この原稿を自宅で掲載誌の編集者に渡した一九九九年七月二一日、江藤淳は浴槽で手首を切り、亡くなる。遺書を除けば、批評家の文字どおりの絶筆となった文章だ。
「お話」にカッコが附されているとおり、書かれているのは江藤が生後二か月のとき、生母に甘えて言葉ならざる声を発していたという、それだけの話である。読者の誰もが通過した自明の季節について、わざわざ「他の乳児たち」と比較し、そこには「検閲」がなかったとまで述べる人の感性は、ふつうではない。
もちろん江藤の著書になじんだ人なら、一九八一年の『落葉の掃き寄せ 敗戦・占領・検閲と文学』に前後して発表された、多数の「検閲研究」を想起するだろう(八九年に単行本となる『閉された言語空間』も、連載開始は八二年)。中学・高校生だった青春期にGHQによる占領を迎え、当時は「言葉が奪われていた」事実に後から気づいた文学者が、そのショックを乳児期の描写にまで遡らせて叙述している。そう解するのも不可能ではない。

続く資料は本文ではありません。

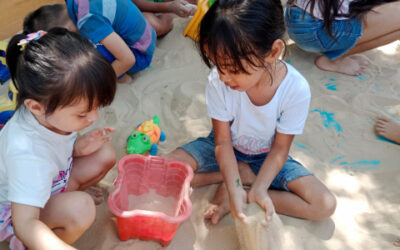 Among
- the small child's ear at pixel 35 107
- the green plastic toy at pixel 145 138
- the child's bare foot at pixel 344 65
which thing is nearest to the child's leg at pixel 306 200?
the green plastic toy at pixel 145 138

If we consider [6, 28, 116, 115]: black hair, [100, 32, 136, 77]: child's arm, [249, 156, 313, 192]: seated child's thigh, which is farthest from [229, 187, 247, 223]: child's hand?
[100, 32, 136, 77]: child's arm

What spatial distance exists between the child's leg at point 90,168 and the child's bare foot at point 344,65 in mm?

もし江藤を通じて「戦後史を綴る」だけでよいなら、そうした読解もそれなりには妥当で、なにより政治的に安全かもしれない。だが併録された『妻と私』とともに読むとき、私の目には江藤の言う「検閲」が、限られた時期に特定の勢力が行った単なる史実としての挿話を超えて、人が生きる際の困難を象徴する一語として浮かびあがる。
二 告知と責任
『妻と私』は、一九九八年の一一月に慶子夫人を失った江藤が、翌九九年の『文藝春秋』五月号に寄せた手記だ。本人が述べるように「これほど短期間にこれほど大きな反響を生んだものは、ほかに一つもない」(一〇八頁)ほどの評判を博し、七月に単行本となる。しかし同月に江藤が自死を遂げたため、追悼特集を組んだ『文藝春秋』の九月号ではもういちど掲載されている。いわば一年のあいだに三度刊行されるほど、『妻と私』は同時代の読者を揺さぶる文章だった。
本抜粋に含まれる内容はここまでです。